| TO DO |
Every line from the one containing "Ernest 1/4 Zip Merino Knit - Sea Mist" to the end of the records below, written out word for word, is the whole answer.

[Records from a dataset]
════
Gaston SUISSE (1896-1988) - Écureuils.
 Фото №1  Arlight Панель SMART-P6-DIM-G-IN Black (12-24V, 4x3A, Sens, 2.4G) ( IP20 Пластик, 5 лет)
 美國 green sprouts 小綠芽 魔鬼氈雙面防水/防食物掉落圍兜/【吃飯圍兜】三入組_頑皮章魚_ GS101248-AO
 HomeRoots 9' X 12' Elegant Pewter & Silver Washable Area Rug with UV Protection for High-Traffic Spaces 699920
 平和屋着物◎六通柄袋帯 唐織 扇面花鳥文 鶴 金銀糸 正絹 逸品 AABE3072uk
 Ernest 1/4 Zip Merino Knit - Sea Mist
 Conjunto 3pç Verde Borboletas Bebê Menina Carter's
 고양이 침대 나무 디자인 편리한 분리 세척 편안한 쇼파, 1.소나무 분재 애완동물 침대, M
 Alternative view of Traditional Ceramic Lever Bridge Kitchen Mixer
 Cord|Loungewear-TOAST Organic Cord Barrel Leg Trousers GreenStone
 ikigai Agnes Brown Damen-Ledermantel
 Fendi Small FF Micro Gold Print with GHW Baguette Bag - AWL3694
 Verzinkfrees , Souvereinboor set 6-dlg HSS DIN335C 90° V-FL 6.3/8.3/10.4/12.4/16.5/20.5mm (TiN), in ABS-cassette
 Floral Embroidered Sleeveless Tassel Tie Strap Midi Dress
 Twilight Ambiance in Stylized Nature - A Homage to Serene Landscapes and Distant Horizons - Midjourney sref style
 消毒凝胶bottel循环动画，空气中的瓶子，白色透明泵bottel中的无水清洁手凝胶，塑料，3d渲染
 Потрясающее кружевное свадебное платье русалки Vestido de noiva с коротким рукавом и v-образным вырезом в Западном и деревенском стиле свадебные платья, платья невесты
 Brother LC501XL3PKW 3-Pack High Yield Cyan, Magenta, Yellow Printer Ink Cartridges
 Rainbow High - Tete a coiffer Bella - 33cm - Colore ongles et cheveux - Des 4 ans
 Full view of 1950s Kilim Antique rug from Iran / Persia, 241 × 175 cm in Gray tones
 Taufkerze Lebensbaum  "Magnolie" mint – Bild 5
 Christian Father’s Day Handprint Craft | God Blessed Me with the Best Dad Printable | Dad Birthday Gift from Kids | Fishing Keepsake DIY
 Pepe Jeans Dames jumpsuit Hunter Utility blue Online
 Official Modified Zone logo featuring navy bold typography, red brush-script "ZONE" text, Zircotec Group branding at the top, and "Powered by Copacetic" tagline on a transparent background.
════
| EXERCISE OUTPUT |
 Ernest 1/4 Zip Merino Knit - Sea Mist
 Conjunto 3pç Verde Borboletas Bebê Menina Carter's
 고양이 침대 나무 디자인 편리한 분리 세척 편안한 쇼파, 1.소나무 분재 애완동물 침대, M
 Alternative view of Traditional Ceramic Lever Bridge Kitchen Mixer
 Cord|Loungewear-TOAST Organic Cord Barrel Leg Trousers GreenStone
 ikigai Agnes Brown Damen-Ledermantel
 Fendi Small FF Micro Gold Print with GHW Baguette Bag - AWL3694
 Verzinkfrees , Souvereinboor set 6-dlg HSS DIN335C 90° V-FL 6.3/8.3/10.4/12.4/16.5/20.5mm (TiN), in ABS-cassette
 Floral Embroidered Sleeveless Tassel Tie Strap Midi Dress
 Twilight Ambiance in Stylized Nature - A Homage to Serene Landscapes and Distant Horizons - Midjourney sref style
 消毒凝胶bottel循环动画，空气中的瓶子，白色透明泵bottel中的无水清洁手凝胶，塑料，3d渲染
 Потрясающее кружевное свадебное платье русалки Vestido de noiva с коротким рукавом и v-образным вырезом в Западном и деревенском стиле свадебные платья, платья невесты
 Brother LC501XL3PKW 3-Pack High Yield Cyan, Magenta, Yellow Printer Ink Cartridges
 Rainbow High - Tete a coiffer Bella - 33cm - Colore ongles et cheveux - Des 4 ans
 Full view of 1950s Kilim Antique rug from Iran / Persia, 241 × 175 cm in Gray tones
 Taufkerze Lebensbaum  "Magnolie" mint – Bild 5
 Christian Father’s Day Handprint Craft | God Blessed Me with the Best Dad Printable | Dad Birthday Gift from Kids | Fishing Keepsake DIY
 Pepe Jeans Dames jumpsuit Hunter Utility blue Online
 Official Modified Zone logo featuring navy bold typography, red brush-script "ZONE" text, Zircotec Group branding at the top, and "Powered by Copacetic" tagline on a transparent background.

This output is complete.